There is no shortage in these parts of egregious bouncers. Legendary, even. You will have seen them in action outside hostelries, music halls and discotheques.
There will be an element of re-training required to acquaint these personnel of the different parameters required for the Commonwealth Games.
They will have to relax their usual ban on trainers. It will be embarrassing if races are cancelled because the athletes could not gain admittance to the stadium. If there is a dress code banning tracksuits, not only competitors but half the population of Glasgow will be excluded from venues.
The bouncers must not turn away spectators with the admonition: "Sorry, pal, you're out of your face with the Lucozade."
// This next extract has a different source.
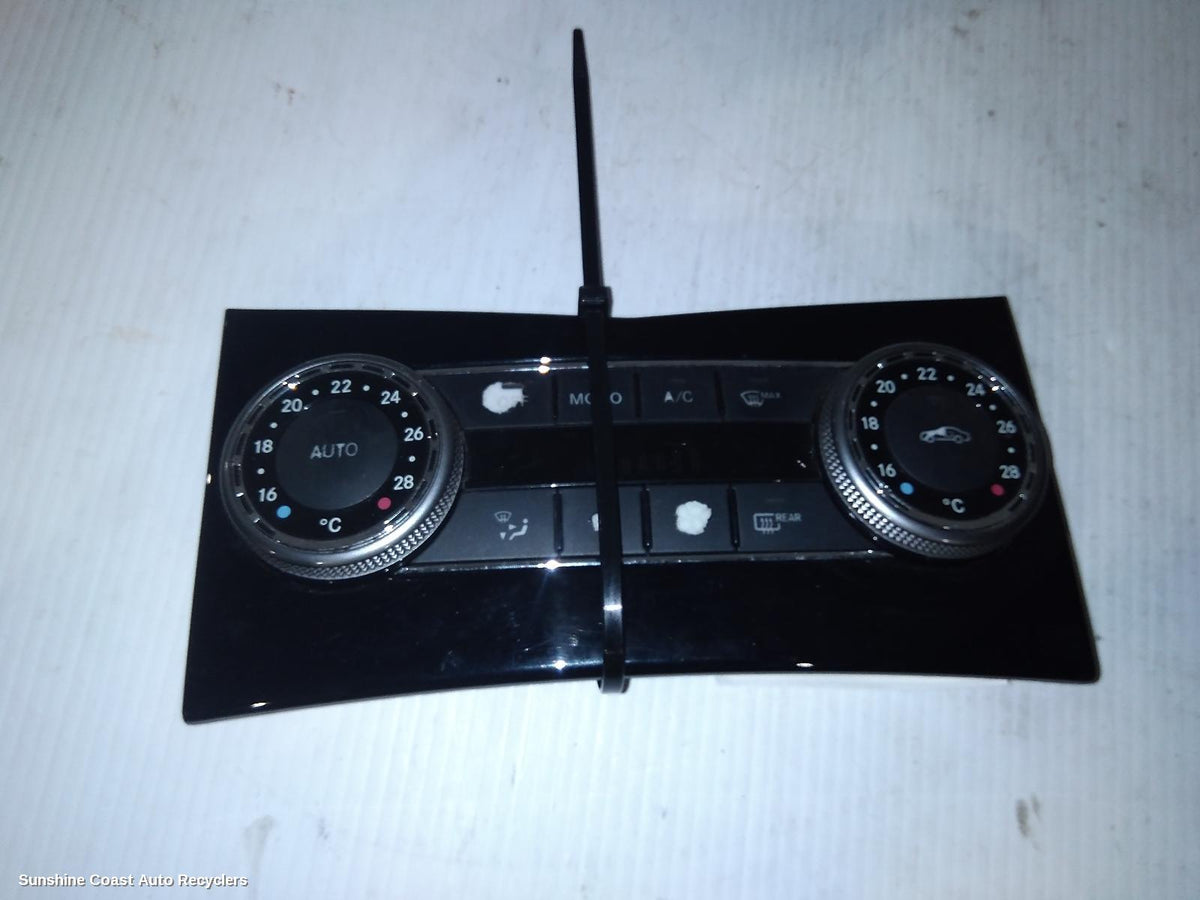 2007-2011 Mercedes C Class Heater Ac Controls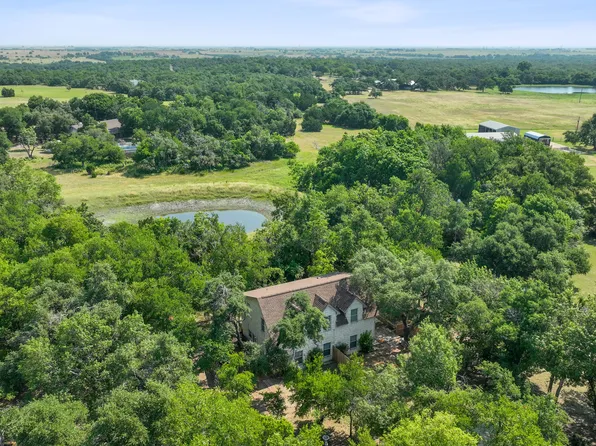 440 Redbird Rd, Granger, TX 76530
They must not try the traditional excuse "regulars only" considering that there have only been two Commonwealth games in Scotland and the last one was in 1986.
Bouncers used to the rough and tumble of Glasgow nightlife will have to adopt a more friendly and conciliatory approach to the public. They must abandon the concept of "Please do not argue with the security staff as a punch in the face can often offend."
Glasgow might do well not to go for so-called professional stewarding which, as we know, can be unreliable not to mention sullen. Call upon the general public to donate their services. The Barcelona Olympics of 1992 were extremely friendly, due mainly to the thousands of volunteers trained to welcome visitors and advise on the joys of the city.
Glasgow could do the same. Dragging people to the Burrell Collection. Giving directions to the nearest Gregg's. Explaining what Gaun Yersel means.
The volunteer kit will be simple: a Primark T-shirt, a baseball hat turned backwards and a packet of bubblegum.
As a deterrent to terrorists, some volunteers' T-shirts will have the message: "This is Glesca. We'll set aboot ye."